_INSTRUCTIONS FOR THE TASK_:
Could you restate word for word every line from the one containing "2015 Genie Z-30/20N RJ" to the end of the data below, pictures excluded?

_GIVEN MATERIAL_:
· · · · · · ·

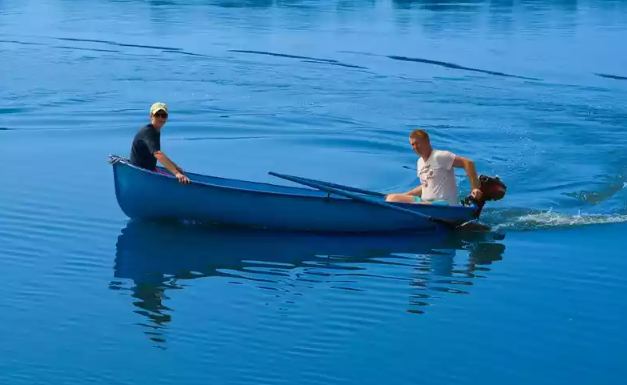 Стеклопластиковая лодка Омуль в Томске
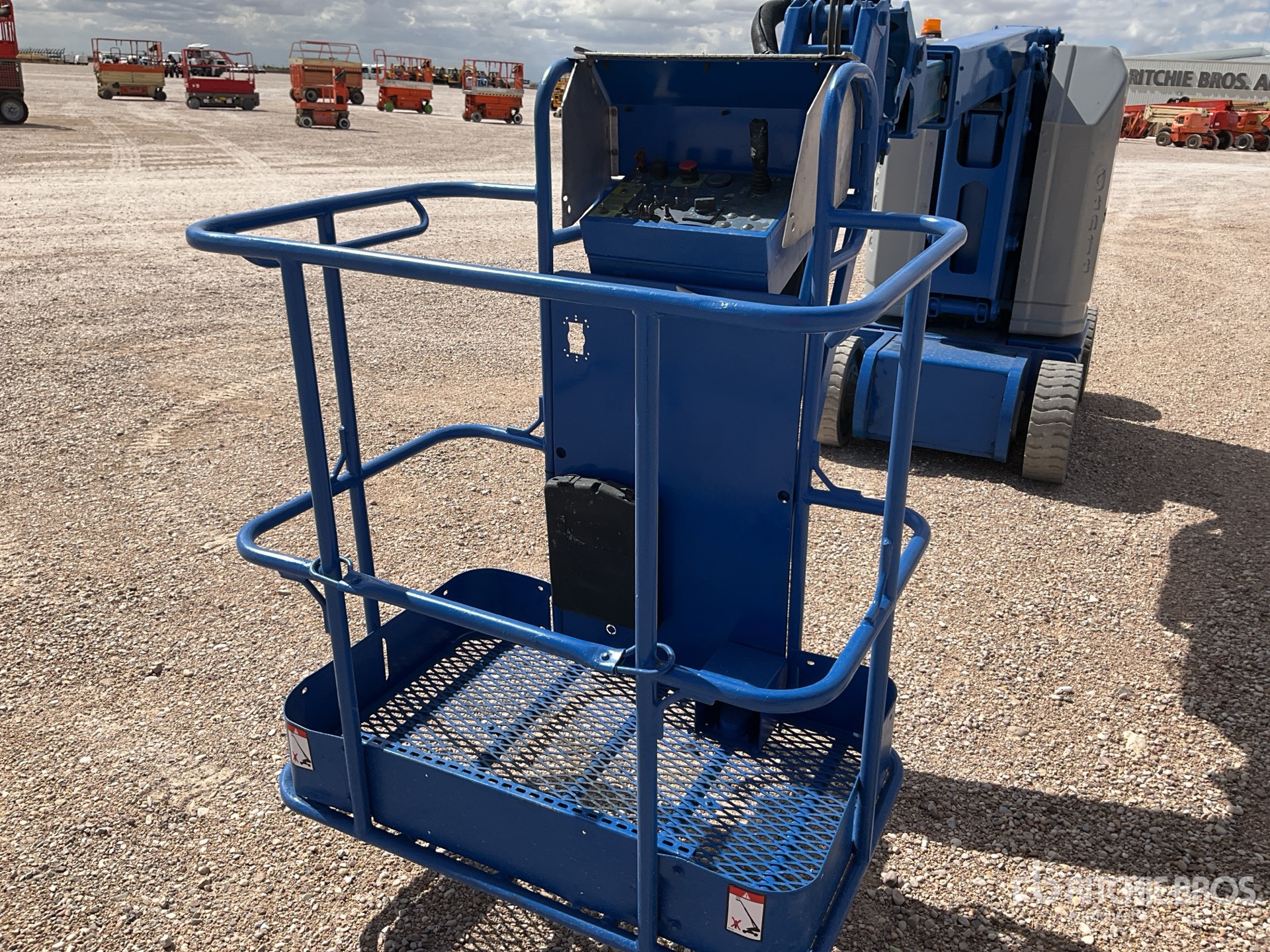 2015 Genie Z-30/20N RJ
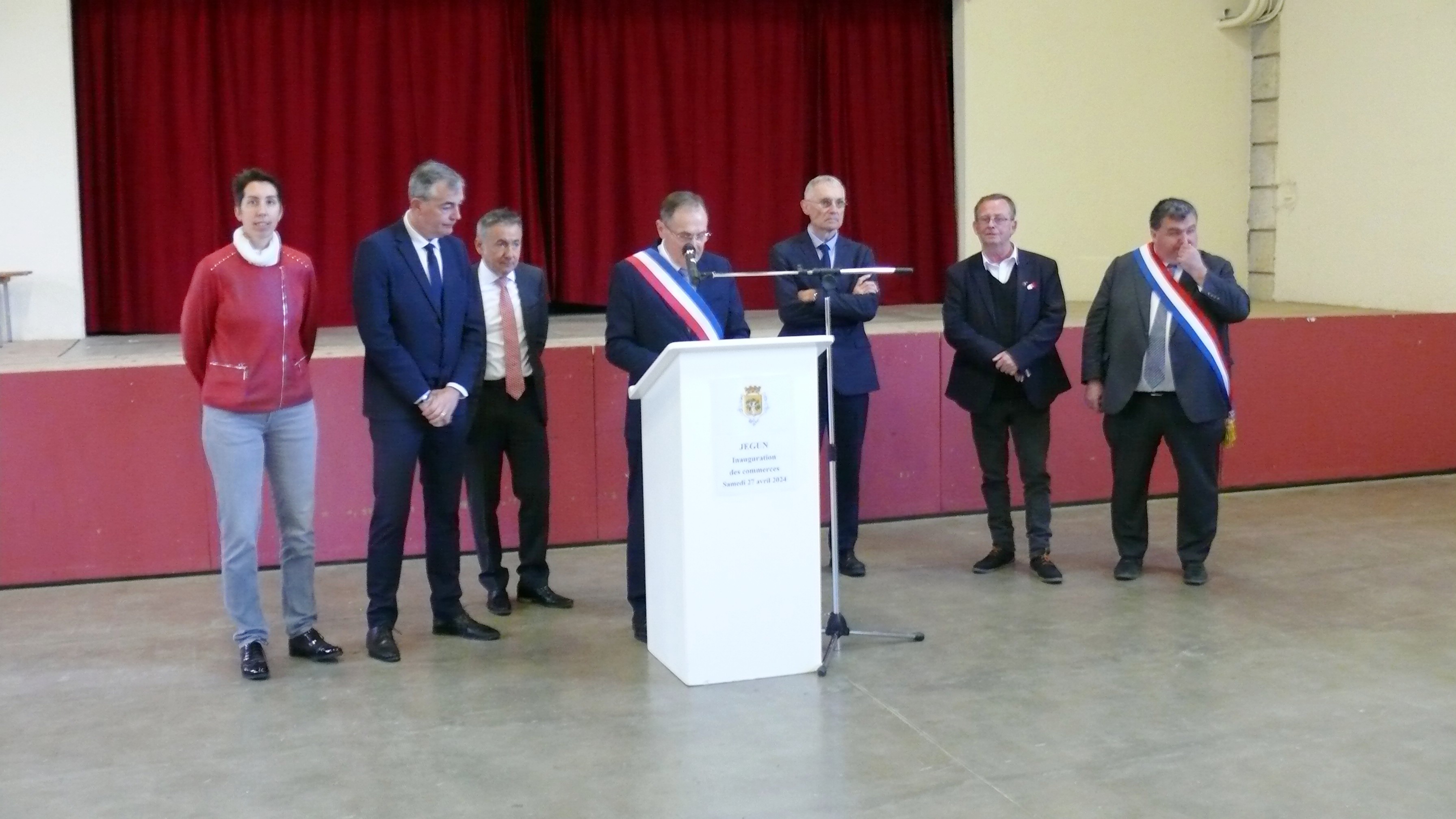 Les personnalités lors des discours : Lydie Toison, Laurent Carrié, Bernard Ksaz, Guy Lapeyre, Franck Montaugé, Eric Cadoré, Dvid Taupiac.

· · · · · · ·

_ANSWER AREA_:
 2015 Genie Z-30/20N RJ
 Les personnalités lors des discours : Lydie Toison, Laurent Carrié, Bernard Ksaz, Guy Lapeyre, Franck Montaugé, Eric Cadoré, Dvid Taupiac.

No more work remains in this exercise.